I used to work for a major airline and did my share of non-rev flying and I saw and heard a lot of stories about awkward passengers. I was flying back from training and an older lady was sitting next to me. She pulled a mirror out of her purse and some tweezers. I thought eyebrow tweezing, but boy was I wrong. She started picking at her facial hair……mustache, chin, neck, etc. I kept getting blinded by the mirror glaring with the sun through the window. She made a few silly comments about how she use to look great like me, but when her hormones stopped she just started growing whiskers. She informed me that I would be doing the same someday. Even if I grow menopausal facial hair, I sure as heck won’t be plucking it on an airplane. I like my privacy!
Bren says
I sat behind a guy from Indy to Reno and he kept is barf bag to his mouth the entire trip. He heaved repeatedly for almost 3 hours. That was bad
Laura says
Well, I feel compelled to stand up for the nail clippers! I invariably break one or more nails on long airplane flights. They always break really low and are very painful. I clip them short once they break so they don’t snag on anything and hurt me further.
So, maybe some of the clipper people are doing the same as me. I would rather not, but better to clip it short than have it catch on something and rip off! No, I don’t do my regular clipping on the plane, just the “emergency” stuff!
So, a counter point, lol.
Jenn says
At least go in the bathroom to clip your nails though! I would rather clip it short too… just not around other people.
Mary Keen says
I just got off a plane 9/11/15 from Australia, the man behind me smelled, and 1/2 hour into 14 hour flight took off his shoes, stinky feet which he tried to put between my seat and the one next to me, I took my blanket and pillow and stuffed it between my seat and he took the hint, and moved his feet and himself to lay down on three seats next to him, but not before removing his socks.
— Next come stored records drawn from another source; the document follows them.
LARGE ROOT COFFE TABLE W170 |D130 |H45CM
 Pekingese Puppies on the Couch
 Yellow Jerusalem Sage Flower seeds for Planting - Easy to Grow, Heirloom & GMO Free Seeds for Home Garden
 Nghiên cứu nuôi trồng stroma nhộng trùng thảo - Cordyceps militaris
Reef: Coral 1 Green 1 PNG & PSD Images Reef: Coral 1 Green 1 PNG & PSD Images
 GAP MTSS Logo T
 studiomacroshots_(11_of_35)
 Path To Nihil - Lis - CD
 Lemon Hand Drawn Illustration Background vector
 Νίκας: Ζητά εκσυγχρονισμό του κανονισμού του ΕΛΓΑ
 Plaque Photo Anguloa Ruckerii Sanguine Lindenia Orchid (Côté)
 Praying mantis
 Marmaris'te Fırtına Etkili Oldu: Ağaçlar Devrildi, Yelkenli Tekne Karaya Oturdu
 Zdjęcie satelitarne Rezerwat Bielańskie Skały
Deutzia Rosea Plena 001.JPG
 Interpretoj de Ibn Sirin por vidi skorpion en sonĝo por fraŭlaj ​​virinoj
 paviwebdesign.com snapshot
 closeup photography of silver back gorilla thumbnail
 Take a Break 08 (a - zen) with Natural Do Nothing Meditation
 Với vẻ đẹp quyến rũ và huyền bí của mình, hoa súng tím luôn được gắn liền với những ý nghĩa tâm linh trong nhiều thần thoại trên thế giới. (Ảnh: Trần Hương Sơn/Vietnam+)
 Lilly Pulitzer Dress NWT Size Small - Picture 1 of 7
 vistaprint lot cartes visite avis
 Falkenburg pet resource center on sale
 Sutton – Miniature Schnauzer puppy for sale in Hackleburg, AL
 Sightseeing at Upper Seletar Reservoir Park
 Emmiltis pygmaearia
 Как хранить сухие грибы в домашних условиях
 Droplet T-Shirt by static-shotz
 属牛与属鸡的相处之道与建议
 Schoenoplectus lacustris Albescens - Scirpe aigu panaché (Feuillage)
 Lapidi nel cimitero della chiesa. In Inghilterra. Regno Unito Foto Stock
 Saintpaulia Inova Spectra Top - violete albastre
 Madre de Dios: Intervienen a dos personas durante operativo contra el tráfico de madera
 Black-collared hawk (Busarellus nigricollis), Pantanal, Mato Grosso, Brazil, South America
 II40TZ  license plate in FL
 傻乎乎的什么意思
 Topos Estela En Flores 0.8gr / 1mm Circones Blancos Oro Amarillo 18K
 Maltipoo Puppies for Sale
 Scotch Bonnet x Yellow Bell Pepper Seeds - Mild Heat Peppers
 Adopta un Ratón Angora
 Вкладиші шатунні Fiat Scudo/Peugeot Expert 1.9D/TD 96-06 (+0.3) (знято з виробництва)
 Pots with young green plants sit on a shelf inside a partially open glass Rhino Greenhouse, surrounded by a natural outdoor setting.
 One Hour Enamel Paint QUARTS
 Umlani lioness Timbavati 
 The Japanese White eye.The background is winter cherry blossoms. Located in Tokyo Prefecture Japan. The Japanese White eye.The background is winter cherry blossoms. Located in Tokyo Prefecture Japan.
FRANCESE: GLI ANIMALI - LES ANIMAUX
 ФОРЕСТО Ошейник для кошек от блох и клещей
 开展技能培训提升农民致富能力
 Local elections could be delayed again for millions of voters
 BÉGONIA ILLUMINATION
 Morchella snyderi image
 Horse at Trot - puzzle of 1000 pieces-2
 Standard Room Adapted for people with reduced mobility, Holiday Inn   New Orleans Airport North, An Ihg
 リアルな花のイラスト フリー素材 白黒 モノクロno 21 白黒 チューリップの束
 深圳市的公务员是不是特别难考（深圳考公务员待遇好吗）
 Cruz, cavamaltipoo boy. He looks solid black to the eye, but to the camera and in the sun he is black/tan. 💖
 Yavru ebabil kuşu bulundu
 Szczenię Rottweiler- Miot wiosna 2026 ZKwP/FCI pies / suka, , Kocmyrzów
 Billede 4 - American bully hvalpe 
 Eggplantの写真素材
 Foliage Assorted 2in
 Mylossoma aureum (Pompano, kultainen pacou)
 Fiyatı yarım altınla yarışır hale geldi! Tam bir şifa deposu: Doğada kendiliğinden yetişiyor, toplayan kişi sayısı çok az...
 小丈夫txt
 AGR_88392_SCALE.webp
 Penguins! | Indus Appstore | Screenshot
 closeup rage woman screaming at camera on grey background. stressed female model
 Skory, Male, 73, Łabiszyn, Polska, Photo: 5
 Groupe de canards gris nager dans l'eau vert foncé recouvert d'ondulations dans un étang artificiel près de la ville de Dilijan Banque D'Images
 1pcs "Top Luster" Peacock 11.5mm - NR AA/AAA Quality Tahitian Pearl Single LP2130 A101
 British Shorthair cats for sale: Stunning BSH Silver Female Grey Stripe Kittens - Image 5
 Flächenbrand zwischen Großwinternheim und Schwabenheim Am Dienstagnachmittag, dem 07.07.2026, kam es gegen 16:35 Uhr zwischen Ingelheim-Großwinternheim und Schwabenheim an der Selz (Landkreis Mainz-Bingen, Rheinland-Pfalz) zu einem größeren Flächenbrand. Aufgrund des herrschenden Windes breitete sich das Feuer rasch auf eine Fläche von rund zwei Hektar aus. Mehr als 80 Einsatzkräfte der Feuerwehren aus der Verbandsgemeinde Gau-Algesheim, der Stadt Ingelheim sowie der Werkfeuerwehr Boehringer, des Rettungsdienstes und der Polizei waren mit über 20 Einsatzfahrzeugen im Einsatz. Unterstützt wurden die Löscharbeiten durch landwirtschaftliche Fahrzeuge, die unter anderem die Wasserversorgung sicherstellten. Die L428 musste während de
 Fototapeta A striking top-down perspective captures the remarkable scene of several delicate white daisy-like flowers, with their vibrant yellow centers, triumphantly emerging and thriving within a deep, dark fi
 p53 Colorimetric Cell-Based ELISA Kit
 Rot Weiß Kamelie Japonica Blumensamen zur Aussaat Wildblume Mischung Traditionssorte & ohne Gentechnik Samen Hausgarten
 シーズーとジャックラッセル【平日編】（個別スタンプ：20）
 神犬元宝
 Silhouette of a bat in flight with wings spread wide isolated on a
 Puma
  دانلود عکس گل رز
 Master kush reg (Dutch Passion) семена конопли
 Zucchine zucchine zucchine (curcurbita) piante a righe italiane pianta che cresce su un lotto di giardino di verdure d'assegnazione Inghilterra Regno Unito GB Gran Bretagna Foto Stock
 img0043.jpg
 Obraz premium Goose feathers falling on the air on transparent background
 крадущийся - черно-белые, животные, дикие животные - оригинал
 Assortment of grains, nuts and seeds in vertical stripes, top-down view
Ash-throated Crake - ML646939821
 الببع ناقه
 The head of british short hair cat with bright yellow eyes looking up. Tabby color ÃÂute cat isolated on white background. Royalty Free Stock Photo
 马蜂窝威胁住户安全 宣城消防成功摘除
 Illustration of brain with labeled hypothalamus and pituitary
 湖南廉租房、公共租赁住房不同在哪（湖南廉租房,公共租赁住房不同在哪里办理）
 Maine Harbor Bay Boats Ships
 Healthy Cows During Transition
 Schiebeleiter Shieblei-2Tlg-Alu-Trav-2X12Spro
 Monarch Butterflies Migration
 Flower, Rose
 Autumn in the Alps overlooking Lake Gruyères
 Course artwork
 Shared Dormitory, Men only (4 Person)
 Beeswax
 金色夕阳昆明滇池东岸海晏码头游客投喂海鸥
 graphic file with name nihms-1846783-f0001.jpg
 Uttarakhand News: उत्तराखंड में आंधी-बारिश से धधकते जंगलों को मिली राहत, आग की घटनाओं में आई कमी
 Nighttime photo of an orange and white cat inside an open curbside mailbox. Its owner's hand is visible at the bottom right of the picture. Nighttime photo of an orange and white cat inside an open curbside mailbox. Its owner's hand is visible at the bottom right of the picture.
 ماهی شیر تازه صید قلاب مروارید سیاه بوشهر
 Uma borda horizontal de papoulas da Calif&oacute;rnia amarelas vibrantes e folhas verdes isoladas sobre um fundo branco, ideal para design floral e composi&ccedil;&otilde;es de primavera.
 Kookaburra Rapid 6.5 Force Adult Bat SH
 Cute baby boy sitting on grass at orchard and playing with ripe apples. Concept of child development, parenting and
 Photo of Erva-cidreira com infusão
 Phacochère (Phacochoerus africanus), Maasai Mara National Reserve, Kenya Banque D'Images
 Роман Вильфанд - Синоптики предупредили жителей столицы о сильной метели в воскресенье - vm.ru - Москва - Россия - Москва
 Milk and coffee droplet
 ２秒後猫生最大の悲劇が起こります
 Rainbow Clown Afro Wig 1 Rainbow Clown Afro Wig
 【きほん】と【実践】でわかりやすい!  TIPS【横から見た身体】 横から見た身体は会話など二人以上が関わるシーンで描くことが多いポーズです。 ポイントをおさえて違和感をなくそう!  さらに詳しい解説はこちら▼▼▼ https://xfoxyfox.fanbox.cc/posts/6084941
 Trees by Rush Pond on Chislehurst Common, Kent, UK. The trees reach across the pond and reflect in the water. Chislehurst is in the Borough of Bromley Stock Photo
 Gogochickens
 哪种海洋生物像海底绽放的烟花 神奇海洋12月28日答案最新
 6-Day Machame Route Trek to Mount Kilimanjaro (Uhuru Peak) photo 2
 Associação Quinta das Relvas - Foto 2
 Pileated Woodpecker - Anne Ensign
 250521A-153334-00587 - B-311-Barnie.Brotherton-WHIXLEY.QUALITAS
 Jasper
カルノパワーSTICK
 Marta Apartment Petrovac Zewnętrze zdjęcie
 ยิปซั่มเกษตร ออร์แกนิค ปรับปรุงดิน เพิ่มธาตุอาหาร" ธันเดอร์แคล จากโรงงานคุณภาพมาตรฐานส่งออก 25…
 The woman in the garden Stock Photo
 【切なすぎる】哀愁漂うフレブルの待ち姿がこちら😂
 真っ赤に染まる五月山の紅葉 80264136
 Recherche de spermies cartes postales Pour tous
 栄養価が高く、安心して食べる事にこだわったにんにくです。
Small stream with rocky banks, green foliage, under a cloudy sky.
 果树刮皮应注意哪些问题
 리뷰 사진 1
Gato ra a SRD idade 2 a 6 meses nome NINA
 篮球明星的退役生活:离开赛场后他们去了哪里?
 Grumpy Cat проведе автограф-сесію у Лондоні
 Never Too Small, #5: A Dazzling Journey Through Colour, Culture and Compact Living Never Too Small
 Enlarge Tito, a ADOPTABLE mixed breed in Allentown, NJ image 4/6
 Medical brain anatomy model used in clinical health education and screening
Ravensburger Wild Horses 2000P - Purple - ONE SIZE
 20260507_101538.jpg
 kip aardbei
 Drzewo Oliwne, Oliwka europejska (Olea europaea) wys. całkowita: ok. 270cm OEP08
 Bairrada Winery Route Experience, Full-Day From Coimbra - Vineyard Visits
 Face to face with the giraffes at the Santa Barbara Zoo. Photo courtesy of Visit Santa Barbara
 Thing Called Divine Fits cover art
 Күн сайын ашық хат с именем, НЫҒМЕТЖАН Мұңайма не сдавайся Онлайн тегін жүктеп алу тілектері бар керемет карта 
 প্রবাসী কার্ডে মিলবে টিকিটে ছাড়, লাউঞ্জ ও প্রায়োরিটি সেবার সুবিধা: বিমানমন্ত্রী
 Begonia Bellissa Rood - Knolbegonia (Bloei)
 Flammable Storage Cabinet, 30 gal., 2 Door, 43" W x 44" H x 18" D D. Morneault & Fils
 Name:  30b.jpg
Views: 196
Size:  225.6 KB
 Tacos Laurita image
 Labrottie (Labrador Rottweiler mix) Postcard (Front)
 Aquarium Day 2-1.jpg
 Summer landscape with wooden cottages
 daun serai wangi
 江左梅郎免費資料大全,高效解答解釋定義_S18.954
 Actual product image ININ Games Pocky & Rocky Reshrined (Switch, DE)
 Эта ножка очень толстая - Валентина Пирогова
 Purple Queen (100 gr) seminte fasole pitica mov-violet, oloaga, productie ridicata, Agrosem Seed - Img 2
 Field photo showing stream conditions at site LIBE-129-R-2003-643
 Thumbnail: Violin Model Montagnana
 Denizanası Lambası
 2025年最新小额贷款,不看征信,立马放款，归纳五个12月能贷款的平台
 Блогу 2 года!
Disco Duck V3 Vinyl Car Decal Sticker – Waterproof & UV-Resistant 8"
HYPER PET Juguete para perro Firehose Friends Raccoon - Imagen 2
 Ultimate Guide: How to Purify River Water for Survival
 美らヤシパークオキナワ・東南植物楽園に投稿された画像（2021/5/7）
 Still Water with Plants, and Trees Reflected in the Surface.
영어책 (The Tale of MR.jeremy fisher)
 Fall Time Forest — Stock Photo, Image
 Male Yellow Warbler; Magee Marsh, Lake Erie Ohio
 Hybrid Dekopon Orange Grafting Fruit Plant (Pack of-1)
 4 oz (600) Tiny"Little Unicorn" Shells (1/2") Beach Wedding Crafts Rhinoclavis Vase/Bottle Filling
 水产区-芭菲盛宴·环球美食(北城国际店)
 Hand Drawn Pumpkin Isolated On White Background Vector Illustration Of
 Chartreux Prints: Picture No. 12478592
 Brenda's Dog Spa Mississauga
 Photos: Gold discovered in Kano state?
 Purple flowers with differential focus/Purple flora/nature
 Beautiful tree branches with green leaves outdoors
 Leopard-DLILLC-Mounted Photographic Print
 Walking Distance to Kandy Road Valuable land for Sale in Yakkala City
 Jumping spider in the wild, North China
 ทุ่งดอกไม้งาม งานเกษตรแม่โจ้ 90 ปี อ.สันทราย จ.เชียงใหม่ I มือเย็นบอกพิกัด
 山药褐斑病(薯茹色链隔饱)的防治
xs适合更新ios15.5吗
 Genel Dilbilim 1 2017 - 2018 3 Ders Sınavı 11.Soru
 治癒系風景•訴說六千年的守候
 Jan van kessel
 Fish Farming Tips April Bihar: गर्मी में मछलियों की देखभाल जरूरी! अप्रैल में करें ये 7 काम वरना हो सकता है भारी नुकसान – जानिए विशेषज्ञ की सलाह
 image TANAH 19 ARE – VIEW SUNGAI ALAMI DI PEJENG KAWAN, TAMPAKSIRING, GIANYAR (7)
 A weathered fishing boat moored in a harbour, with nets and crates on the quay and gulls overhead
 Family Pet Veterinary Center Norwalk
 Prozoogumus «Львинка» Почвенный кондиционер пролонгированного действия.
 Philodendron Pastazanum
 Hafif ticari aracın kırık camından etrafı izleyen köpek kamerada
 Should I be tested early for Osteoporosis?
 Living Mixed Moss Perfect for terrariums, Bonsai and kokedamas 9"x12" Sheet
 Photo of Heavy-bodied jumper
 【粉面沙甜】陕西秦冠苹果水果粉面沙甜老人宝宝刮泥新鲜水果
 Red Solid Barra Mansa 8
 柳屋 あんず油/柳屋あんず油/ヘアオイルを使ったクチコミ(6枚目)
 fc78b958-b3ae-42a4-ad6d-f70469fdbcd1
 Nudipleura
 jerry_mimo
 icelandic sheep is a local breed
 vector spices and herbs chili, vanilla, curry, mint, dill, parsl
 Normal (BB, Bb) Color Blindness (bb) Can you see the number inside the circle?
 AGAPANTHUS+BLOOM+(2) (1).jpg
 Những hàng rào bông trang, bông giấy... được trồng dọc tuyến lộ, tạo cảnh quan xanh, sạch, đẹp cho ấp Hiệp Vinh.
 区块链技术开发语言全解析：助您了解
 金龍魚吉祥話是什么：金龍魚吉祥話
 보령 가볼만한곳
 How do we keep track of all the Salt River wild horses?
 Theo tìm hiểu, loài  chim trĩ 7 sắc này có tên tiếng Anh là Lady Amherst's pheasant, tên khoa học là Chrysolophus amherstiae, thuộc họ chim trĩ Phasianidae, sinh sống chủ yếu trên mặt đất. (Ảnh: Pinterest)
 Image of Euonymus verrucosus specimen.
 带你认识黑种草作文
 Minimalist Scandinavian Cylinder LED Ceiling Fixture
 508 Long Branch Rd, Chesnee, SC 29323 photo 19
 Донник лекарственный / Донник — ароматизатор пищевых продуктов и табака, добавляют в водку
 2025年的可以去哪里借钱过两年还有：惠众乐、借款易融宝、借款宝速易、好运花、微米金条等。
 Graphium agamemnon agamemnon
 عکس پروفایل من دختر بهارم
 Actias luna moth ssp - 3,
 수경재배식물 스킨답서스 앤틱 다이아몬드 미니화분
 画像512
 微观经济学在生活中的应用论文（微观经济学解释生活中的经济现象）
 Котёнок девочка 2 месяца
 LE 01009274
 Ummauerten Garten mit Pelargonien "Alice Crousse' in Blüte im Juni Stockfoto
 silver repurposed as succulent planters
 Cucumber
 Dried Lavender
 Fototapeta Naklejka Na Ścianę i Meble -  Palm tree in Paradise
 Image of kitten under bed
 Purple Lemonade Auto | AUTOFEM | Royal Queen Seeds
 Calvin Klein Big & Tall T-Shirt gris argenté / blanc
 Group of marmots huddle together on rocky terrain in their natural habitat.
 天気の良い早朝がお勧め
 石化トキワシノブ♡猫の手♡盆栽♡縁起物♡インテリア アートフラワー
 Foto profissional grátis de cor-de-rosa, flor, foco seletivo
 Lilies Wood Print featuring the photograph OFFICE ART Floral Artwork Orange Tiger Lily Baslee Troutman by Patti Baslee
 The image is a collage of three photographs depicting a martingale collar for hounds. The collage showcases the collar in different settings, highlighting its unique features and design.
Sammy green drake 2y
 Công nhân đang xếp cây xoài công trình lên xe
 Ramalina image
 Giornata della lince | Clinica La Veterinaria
I felt sorry for the man on the last seat. He slept for quite a while and woke up and in order to stretch his legs he put his bare feet on the top back of the seat next to me. I smelled something and looked up and there were his size 12’s sticking over the top of the seat. My husband told him in a firm voice to put down his bare feet. His remark back to my husband was “Why are you talking to me like that Mate”. I went and got the Steward. And that was only one part of the horrific flight home there was more drama before we arrived home.